Curious Dr. George: Patients with postoperative Glioblastoma multiforme (GBM) are among the most difficult oncology cases to manage. In your work as a Clinical Scientist at Cancer Commons you have worked directly with many such registered patients/clients who seek the information and options that may help them. You coordinate neuro-oncologists who may constitute Virtual Tumor Boards. What are the key factors you seek to identify to determine what courses of action a patient might take and whether a Virtual Tumor Board may be helpful? Is a template useful?
Adrienne Nugent, PhD: As a Cancer Commons scientist, I feel very grateful to be able to work with such wonderful and inspiring patients and caregivers on a daily basis.

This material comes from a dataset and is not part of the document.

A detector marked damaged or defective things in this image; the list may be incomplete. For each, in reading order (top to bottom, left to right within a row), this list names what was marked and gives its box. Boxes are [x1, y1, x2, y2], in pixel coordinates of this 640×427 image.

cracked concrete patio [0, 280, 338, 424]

The patients and families who have been handed the especially difficult diagnosis of Glioblastoma face myriad decisions and challenges due to the aggressive nature of the disease and the fact that the standard of care (SOC) treatment has not changed all that much since 2005.

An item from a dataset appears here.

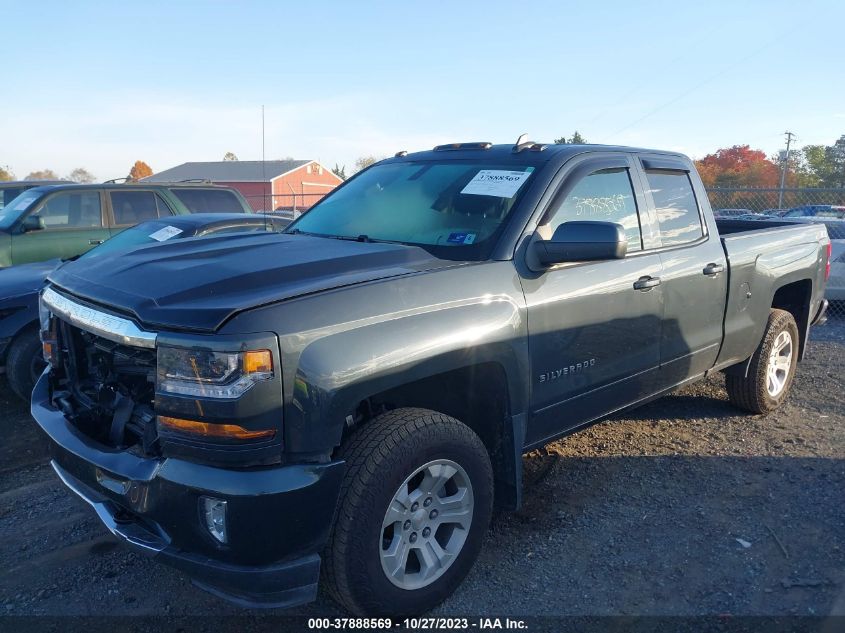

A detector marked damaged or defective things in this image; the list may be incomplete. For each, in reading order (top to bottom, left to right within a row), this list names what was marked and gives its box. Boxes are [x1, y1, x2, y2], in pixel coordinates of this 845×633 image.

damaged chevrolet silverado [31, 137, 832, 612]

Given the current outcomes with SOC, patients are encouraged to look for clinical trials and novel treatment options, but quickly face many barriers to accessing and enrolling in these more promising therapies. This lack of access to the latest developments in medicine and technology reflects a growing gap between many cancer patients and optimized precision cancer treatment.

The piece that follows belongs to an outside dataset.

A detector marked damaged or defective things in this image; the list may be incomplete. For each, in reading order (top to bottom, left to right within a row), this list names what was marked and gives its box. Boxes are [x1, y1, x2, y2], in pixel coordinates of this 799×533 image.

To try and bridge this gap, Cancer Commons partnered with the Musella Foundation for Brain Tumor Research & Information to launch a pilot study for GBM patients. We provided 10 patients with complete review of their medical history by a Cancer Commons scientist and a virtual tumor board (VTB) comprised of three neuro-oncologists. The scientist identified a list of evidence-based treatment options and the VTB provided their recommendations based on a unique combination of factors for that patient.
Many valuable patterns emerged from this initial pilot study that we are now translating into treatment templates to better serve a larger group of GBM patients. The key features we’ve identified for creating templates of prioritized treatment options include:
- Location of the tumor(s): Tumors on the brain stem or involving leptomeningeal metastases are frequently excluded in clinical trials or have unique trials specifically for these conditions
- Eligibility for surgery and/or radiation: Some clinical trials involve a combination of systemic therapy, surgery, and/or radiation. Eligibility for further surgery or radiation must be determined by the treating neuro-oncologist, neurosurgeon, and radiation oncologist
- Treatment line: Newly diagnosed, on SOC or adjuvant therapy, at progression/recurrence, or on later-line treatment
- KPS/ECOG: Patient performance status based onKPS (Karnofsky Performance Status) or ECOG (Eastern Cooperative Oncology Group) scale. Most clinical trials will only accept patients with ECOG <2 or KPS >60 or 70
- Tumor biomarkers: MGMT methylation status, EGFR/PTEN/TERT alterations, NTRK/ROS1/FGFR oncogenic fusions, tumor mutation burden, PD-L1 expression
- Treatment history: Some trials restrict patients with specific prior treatments. In particular, prior Bevacizumab/Avastin treatment excludes patients from many, but not all, clinical trials
- Geographic location of the patient: Prioritization of trials near the patient’s home with the option for regional or nationwide trial search given the ability of the patient to travel
- Patient goals and quality of life: Prioritization of trials to meet the desires of the patients, such as identifying trials that avoid randomization to SOC, avoid chemotherapy at recurrence, require fewer hospital/clinic visits, involve oral rather than infusion treatments, etc.
When these features are known, we feel most GBM patients can benefit from our templated treatment recommendations without needing to convene a full VTB. However, VTBs can be particularly helpful for patients who do not have access to neuro-oncologists or are receiving conflicting information, such as if more surgery or radiation are indicated or if they have progression versus pseudoprogression. In these cases, a VTB can yield valuable insights to resolve open questions.